After the podcast recording which took place at a convention, the female host asked the male host to drop the discussion from the recording because it made her feel uncomfortable. Later, after the convention, she posted that she felt like it was slut shaming. I contacted her right away and apologized for making her feel that way. We even discussed rerecording an interview in which we will have a frank discussion about the incident and the surrounding issues. I also posted on her thread with a public apology even though she did not intend to call me out by name.
As I prepare for our coming interview and discussion, I’ve given the incident a good bit of thought.
If a male friend had been interviewing me and told a story about he and two friends involved in a high school club that specialized in cunnalingis and had business cards made up, would I have reacted the same way? In all honesty, I might have still said “Good Lord,” but I don’t think I would have said, “where were your parents?”
The cohost has stated that she did not believe the slight was intentional, but it still made her uncomfortable. I respect her as a person and an author and I did not wish for her to feel the disrespect she did as a result of my comment. It really did break my heart to think that she carried that with her after that while I was ignorant of what she was going through. The bawdy nature of the interview had just carried through and then we all parted ways onto our other convention business.

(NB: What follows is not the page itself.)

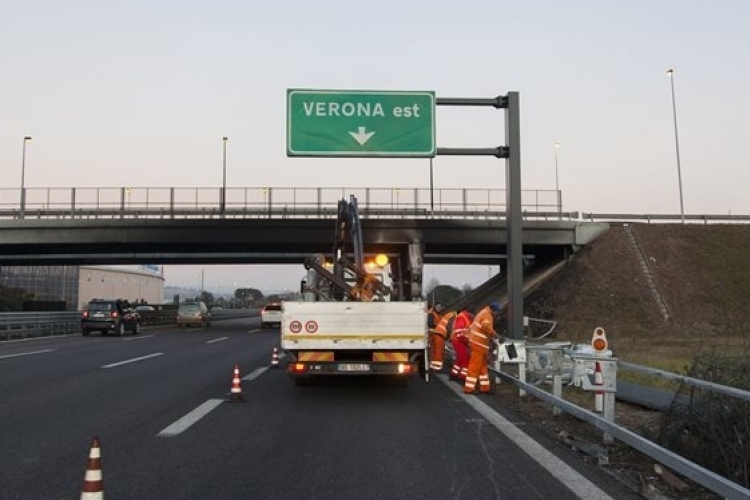 Hat gyanúsított ellen emeltek vádat a veronai buszbaleset ügyében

I know that she has had a rough year from things she has posted and she was keeping up a strong front during the convention which included the interview as well. She did not let show how the incident had truly affected her at the time and I’m sorry that it weighed on her mind and heart following that incident.

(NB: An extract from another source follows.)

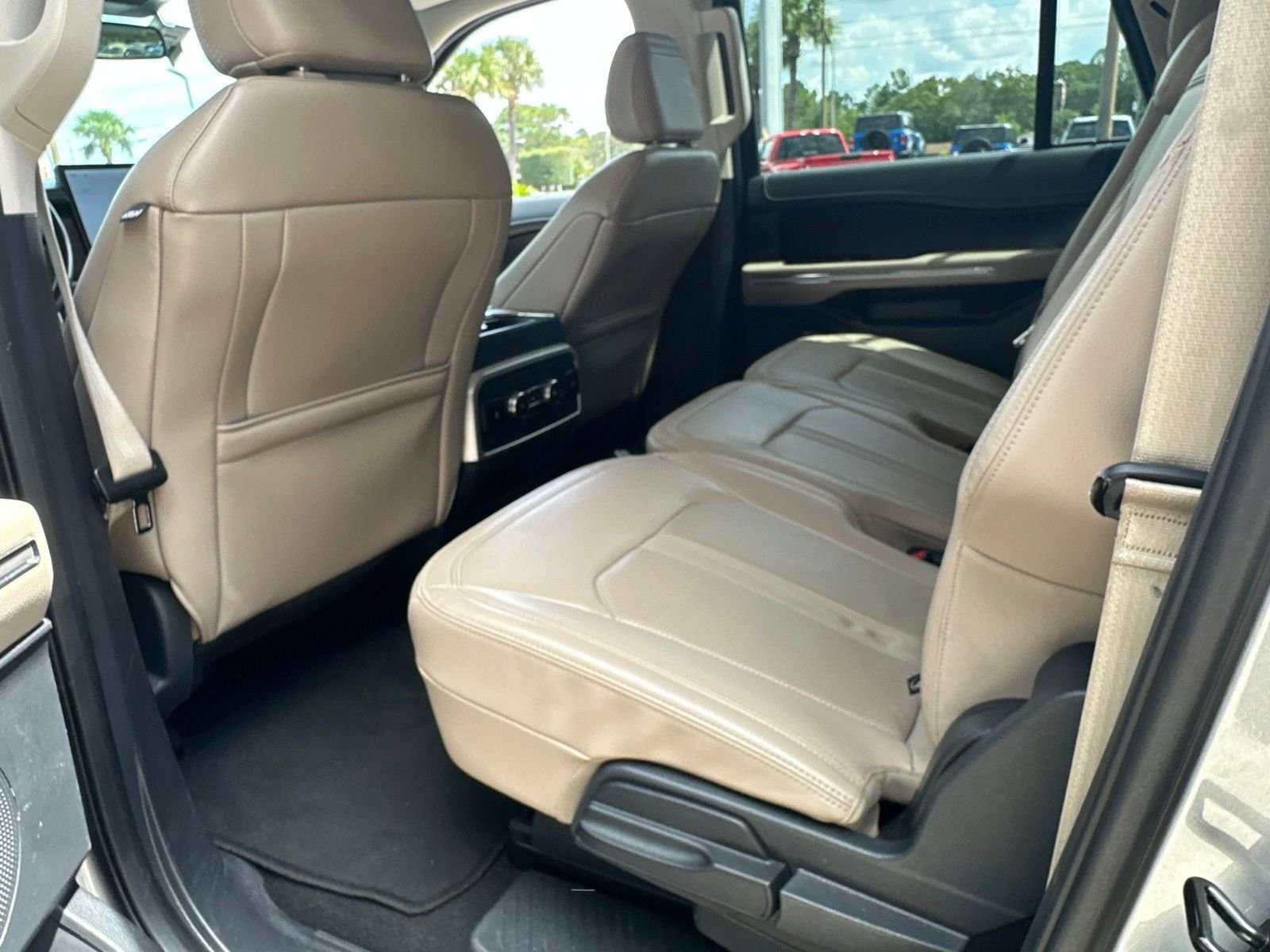 Used 2024 Silver Metallic Ford Limited image 20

Looking back, I’m not sure what to do differently and that will be something we will need to discuss in our follow up interview in which we have an honest post mortem of the incident for the purpose of everyone having a chance to learn from it. As an interviewee, it was a little different than just walking up on a conversation in a hallway and throwing in my two cents. There was a lot of back and forth and looking at that moment when I reacted to the story, I try to rewind it and rework it in my head and I come up empty. With an audio interview, surely awkward silence isn’t the right response. There could have been the innocuous “Oh, wow” or “There you go.” I could have gone with encouragement like the proverbial locker room banter. I’m not sure that would have come off better. I could have told my own story to follow up, but no one wants to hear that from me, believe me. As an interviewee, I was put in the position of reaction, but I don’t know what the proper one was.
These topics will be worthy of discussion and will come up soon in a frank, friendly, positive discussion regarding the entire topic.